Attach the trailer to the hitch - latch and lock the coupler.

Use the jack to raise trailer/tow vehicle several inches (the manual says all the way). Install the WD bars and latch them in place. Lower the jack until it comes off the ground and measure again at the coupler. Keep doing this (changing the number of links you drop) until the result is the hitch/tow vehicle is approximately 1 inch higher than before the trailer was connected.

Remember how many links you dropped to get there. Again, this is from the Airstream manual - not my instruction but I do follow them.

Ball heights cannot ever be what Airstream advertizes, after a period of time.

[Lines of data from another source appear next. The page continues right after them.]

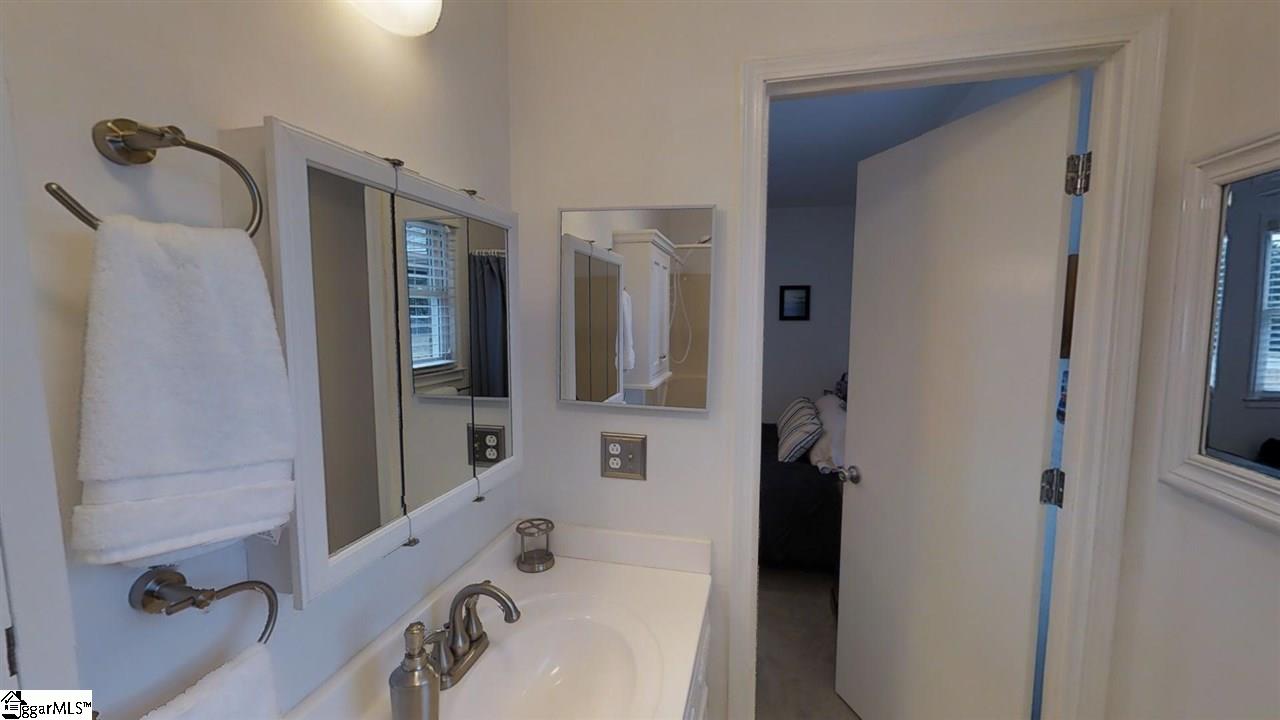 17 Owens Road, Unit A Taylors, SC 29687 - Photo 29 of 36 Gallery Image 29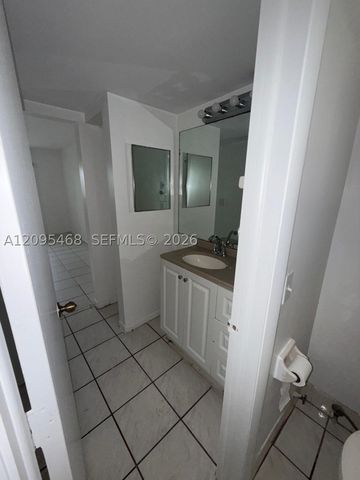 5800 NW 64th Ave 306, Tamarac, FL 33319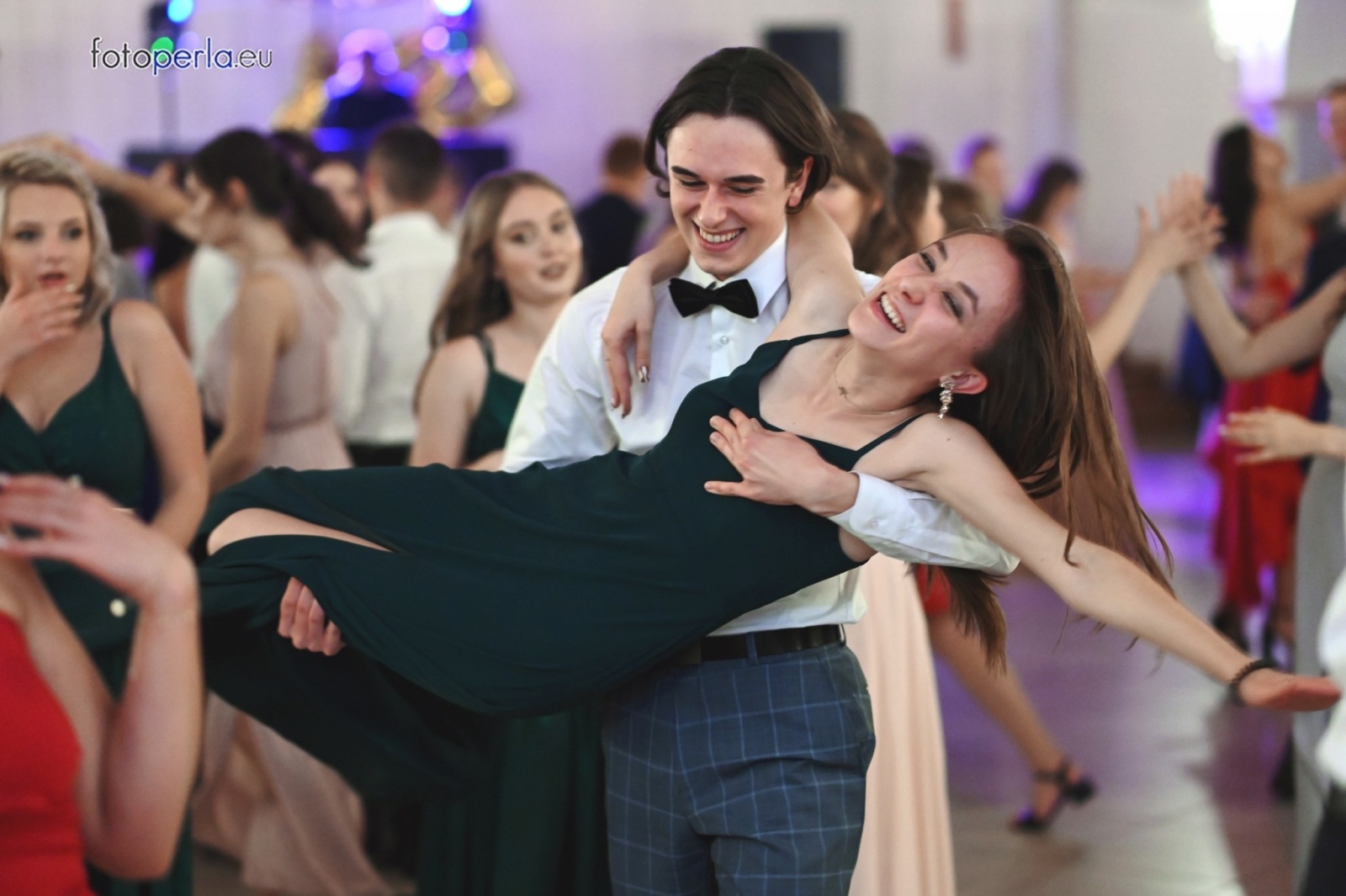 Zdjęcie w galerii na portalu naszraciborz.pl: To była niezapomniana noc. Studniówka II LO po polonezach wiadomości z regionu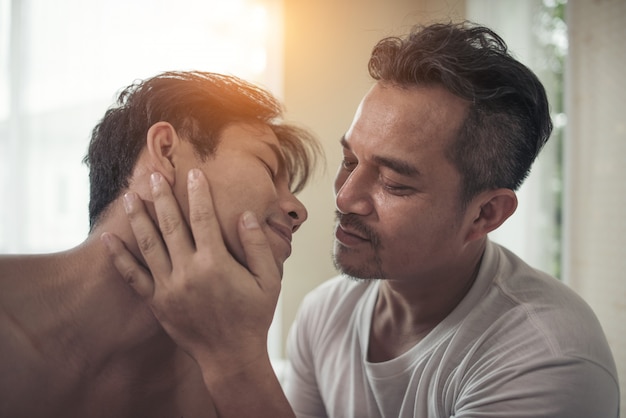 Pareja gay amor tiempo en la cama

How much time, who knows.

1. Torsion axles are weight sensitive.

2. How much have the axles settled because of non use?

Therefore the ball height of exactly the same trailer can be very different from one owner to another.

The "only" way ball height can be determined, is to measure the coach in question.

Granted, there is a starting point, but rarely after a few years, does that measurement hold true.

Because of loading and axle condition, ball heights can change almost 3 inches, and sometimes more.

Also, when adjusting the chain links, "NEVER" count how many links are dropped, but "ALWAYS" count how many under stress.

1. There have be examples of a different number of links from one side to the other.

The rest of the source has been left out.